Yeah. Do the tests really need to write to disk? I see this error with local runs; GHA CI fails due to a crash that is unrelated to this though. Example:

     FAIL - "AdaptiveAvgPool2dNonUnitOutputSizeDynamicModule_basic"
        Runtime error: Testing process terminated. Either the compiler crashed or the compiled code crashed at runtime.

Aug 06 '22 16:08 sjain-stanford

dunno about tests having to write to disk. I assume e2e tests would need it with all the downloading of models etc.

Aug 07 '22 06:08 powderluv

Interestingly, disabling multiprocessing (with -s as @silvasean suggested) fixes the unexpected failures in the end 2 end integration tests (now all pass or expectedly fail). So definitely something with multiprocessing is not playing well from inside a docker container. Before we can dockerize these runs, it'd be good to get to the bottom of this, unless we're okay disabling multiprocessing for CI runs. These are not very long running anyway - what was the motivation for multiprocessing here?

Aug 08 '22 16:08 sjain-stanford

We disable it for macOS too. It is just to run the tests faster. How many cores do you have in the system ? Maybe it is dependent on the number of cores ?

Aug 08 '22 16:08 powderluv

Maybe it is dependent on the number of cores ?

It breaks both locally and on GHA runners, so I presume this is not something that could be fixed by changing number of cores or disk space.
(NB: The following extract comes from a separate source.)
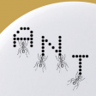 Ant Acquisition Trophy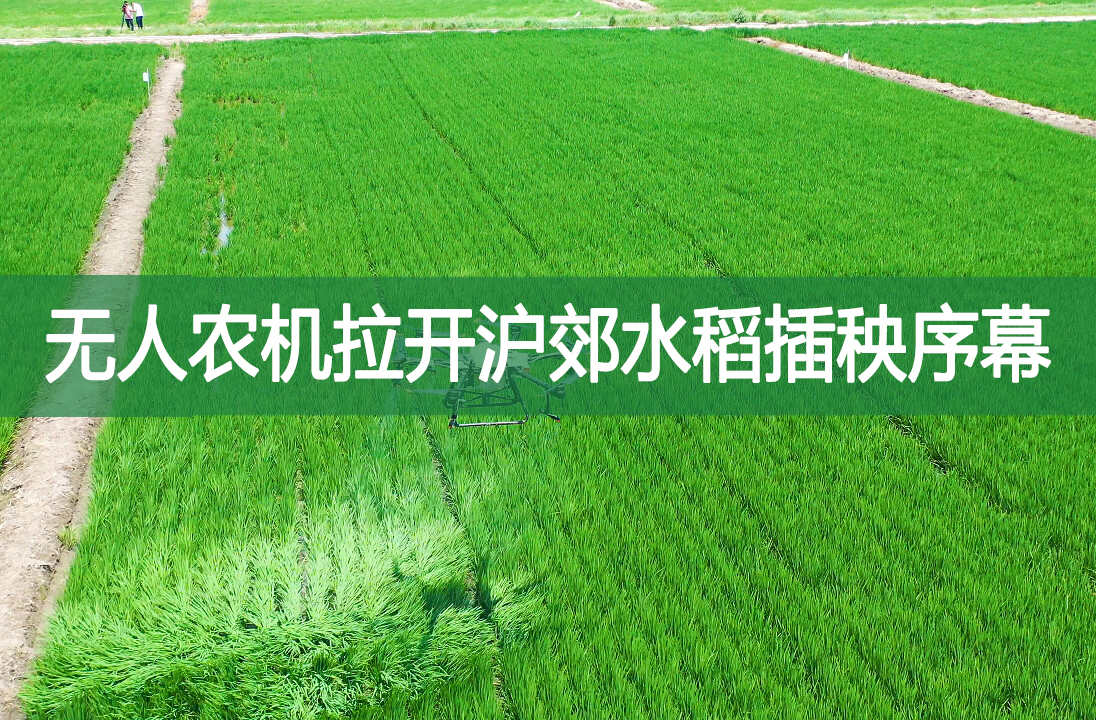 無人農(nóng)機拉開滬郊水稻插秧序幕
I tried to capture the stderr (which is also tricky due to multiprocessing enabled) but you can see from the logs that it is very fragile. I also see different tests fail in different runs.
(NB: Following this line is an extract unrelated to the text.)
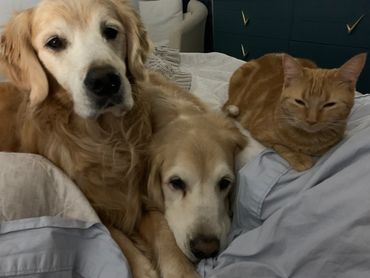 Two Golden Retriever dogs and a cat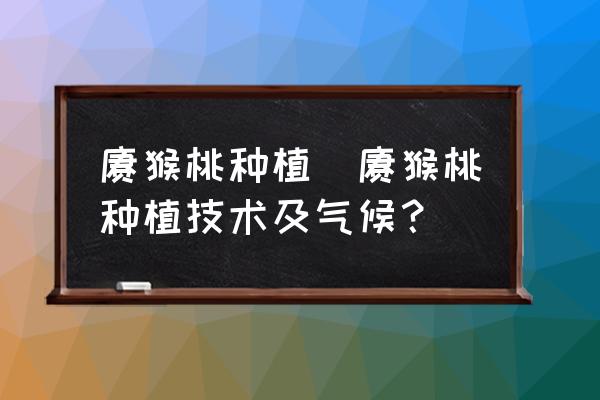 獼猴桃種植(獼猴桃種植技術及氣候？)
Disabling multiprocessing, the workflow is green and completes in ~20 minutes.

Aug 08 '22 17:08 sjain-stanford

Maybe worth trying a Ubuntu 22.04 with Python3.10 docker too (our CI is on those now). Worth digging into a little bit to see why we have this failure (since it will become 3x slower) if we run sequentially.

Aug 08 '22 17:08 powderluv

since it will become 3x slower

I'm seeing little to no degradation with multiprocessing disabled. In fact I am seeing speedups. For example these were observed from the same commit:

This is the runtime for E2E tests in existing CI (~total: 7 min 29 sec):

This is in docker CI (with multiprocessing disabled) (~total: 5 min 38 sec):

Aug 08 '22 20:08 sjain-stanford

faster is good anyway we get it 👍

Aug 08 '22 22:08 powderluv

Yeah, Python MP is not great so I am not surprised it isn't better on 2 cores. +1 for limiting it.

Aug 08 '22 23:08 silvasean

I have a few follow-on questions about the different matrix options in CI.

Am I understanding correct that today we only test in-tree and llvm binary builds + tests in CI? Because I see both build and test steps gated with

if: matrix.llvmtype == 'binary'

What is the out-of-tree workflow checking? Should we at least enable the build in CI (if not tests)? I think we could do so by removing this line.

What is the motivation behind creating matrix options that are not exercised - like llvmtype and llvmbuildtype could be collapsed into one?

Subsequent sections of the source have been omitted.